** Source information **
- - - - -

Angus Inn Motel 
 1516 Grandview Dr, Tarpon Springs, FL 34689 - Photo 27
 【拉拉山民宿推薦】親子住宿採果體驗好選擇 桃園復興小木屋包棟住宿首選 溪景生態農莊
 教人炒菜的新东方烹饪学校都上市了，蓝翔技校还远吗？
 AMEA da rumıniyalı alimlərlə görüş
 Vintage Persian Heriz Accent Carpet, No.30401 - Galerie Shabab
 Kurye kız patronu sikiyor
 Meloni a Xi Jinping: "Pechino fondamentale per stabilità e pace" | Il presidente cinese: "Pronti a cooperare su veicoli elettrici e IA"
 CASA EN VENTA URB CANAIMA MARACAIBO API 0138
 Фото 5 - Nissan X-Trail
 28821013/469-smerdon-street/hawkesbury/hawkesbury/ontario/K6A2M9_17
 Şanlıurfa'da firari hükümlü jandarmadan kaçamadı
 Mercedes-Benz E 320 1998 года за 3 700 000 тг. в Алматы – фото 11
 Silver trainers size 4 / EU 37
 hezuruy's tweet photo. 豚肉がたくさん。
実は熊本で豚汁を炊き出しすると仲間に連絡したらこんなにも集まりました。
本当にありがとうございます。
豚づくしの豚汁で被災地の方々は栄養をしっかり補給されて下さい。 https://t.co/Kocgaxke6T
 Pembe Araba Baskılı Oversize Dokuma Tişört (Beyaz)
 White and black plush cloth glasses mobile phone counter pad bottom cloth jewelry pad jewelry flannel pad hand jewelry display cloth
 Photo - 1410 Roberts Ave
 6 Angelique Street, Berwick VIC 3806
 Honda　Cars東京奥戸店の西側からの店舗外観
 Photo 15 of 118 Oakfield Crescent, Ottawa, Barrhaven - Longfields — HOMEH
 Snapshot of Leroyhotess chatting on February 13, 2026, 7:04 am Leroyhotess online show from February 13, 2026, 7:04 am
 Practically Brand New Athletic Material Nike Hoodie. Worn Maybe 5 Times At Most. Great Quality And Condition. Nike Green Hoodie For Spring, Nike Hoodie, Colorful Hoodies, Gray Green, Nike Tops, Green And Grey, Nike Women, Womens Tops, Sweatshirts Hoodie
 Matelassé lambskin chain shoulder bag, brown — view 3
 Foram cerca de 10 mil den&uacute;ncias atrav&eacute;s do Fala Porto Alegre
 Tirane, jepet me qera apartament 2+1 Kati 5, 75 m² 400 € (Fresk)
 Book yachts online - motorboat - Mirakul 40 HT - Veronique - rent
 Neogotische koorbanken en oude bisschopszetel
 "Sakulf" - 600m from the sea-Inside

- - - - -

** Prompt **
From the line that contains "Tirane, jepet me" down to the last line of the listing above, repeat each line exactly, and include nothing else.

** Expected output **
 Tirane, jepet me qera apartament 2+1 Kati 5, 75 m² 400 € (Fresk)
 Book yachts online - motorboat - Mirakul 40 HT - Veronique - rent
 Neogotische koorbanken en oude bisschopszetel
 "Sakulf" - 600m from the sea-Inside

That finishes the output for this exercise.